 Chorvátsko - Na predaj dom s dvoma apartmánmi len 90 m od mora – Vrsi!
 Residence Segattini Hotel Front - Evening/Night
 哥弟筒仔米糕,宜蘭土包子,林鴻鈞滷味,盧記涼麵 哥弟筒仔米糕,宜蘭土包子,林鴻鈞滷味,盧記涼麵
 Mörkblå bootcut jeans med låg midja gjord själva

= = = = =

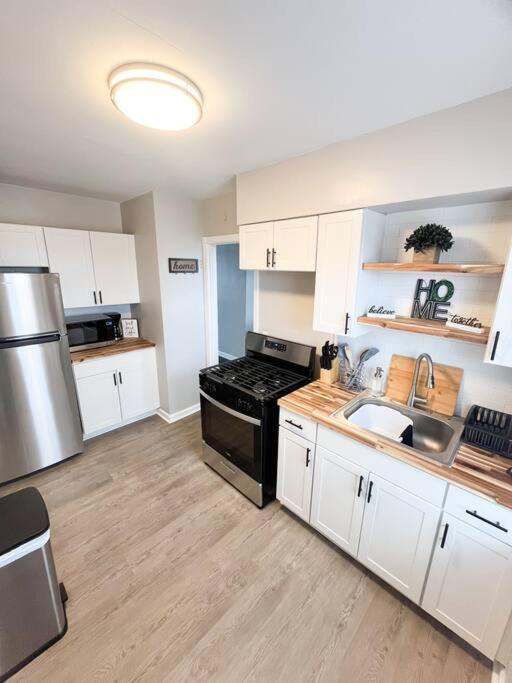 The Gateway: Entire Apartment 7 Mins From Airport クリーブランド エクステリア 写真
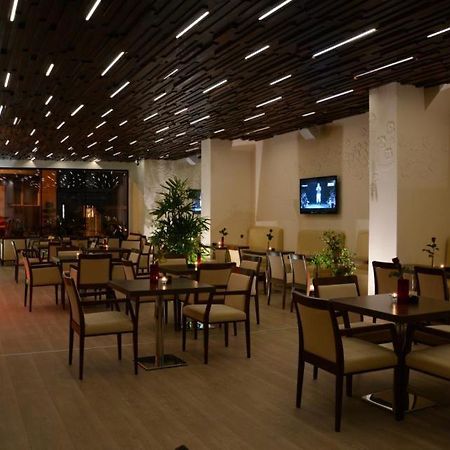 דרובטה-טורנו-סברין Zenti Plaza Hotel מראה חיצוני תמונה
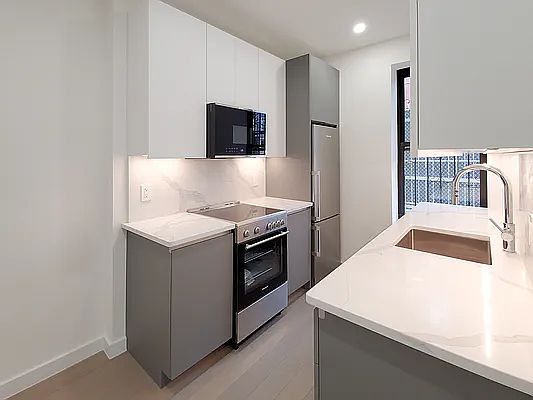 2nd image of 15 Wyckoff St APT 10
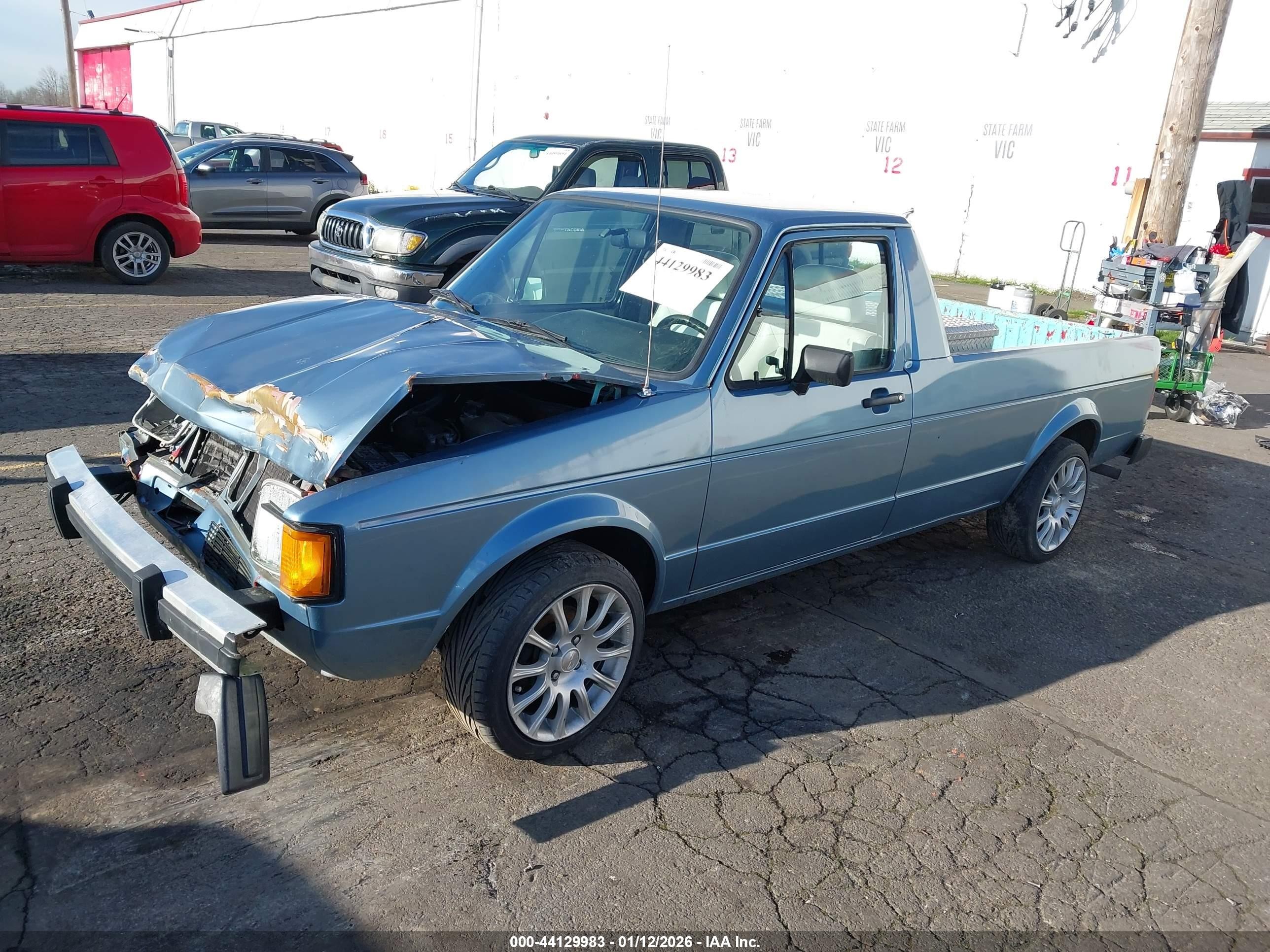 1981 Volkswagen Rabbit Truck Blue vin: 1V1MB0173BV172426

= = = = =

Task objective ::
Beginning at the line with "Chorvátsko - Na" and ending at the line with "Mörkblå bootcut jeans", reproduce each line of the data above exactly, and add no other lines.

Result for this task ::
 Chorvátsko - Na predaj dom s dvoma apartmánmi len 90 m od mora – Vrsi!
 Residence Segattini Hotel Front - Evening/Night
 哥弟筒仔米糕,宜蘭土包子,林鴻鈞滷味,盧記涼麵 哥弟筒仔米糕,宜蘭土包子,林鴻鈞滷味,盧記涼麵
 Mörkblå bootcut jeans med låg midja gjord själva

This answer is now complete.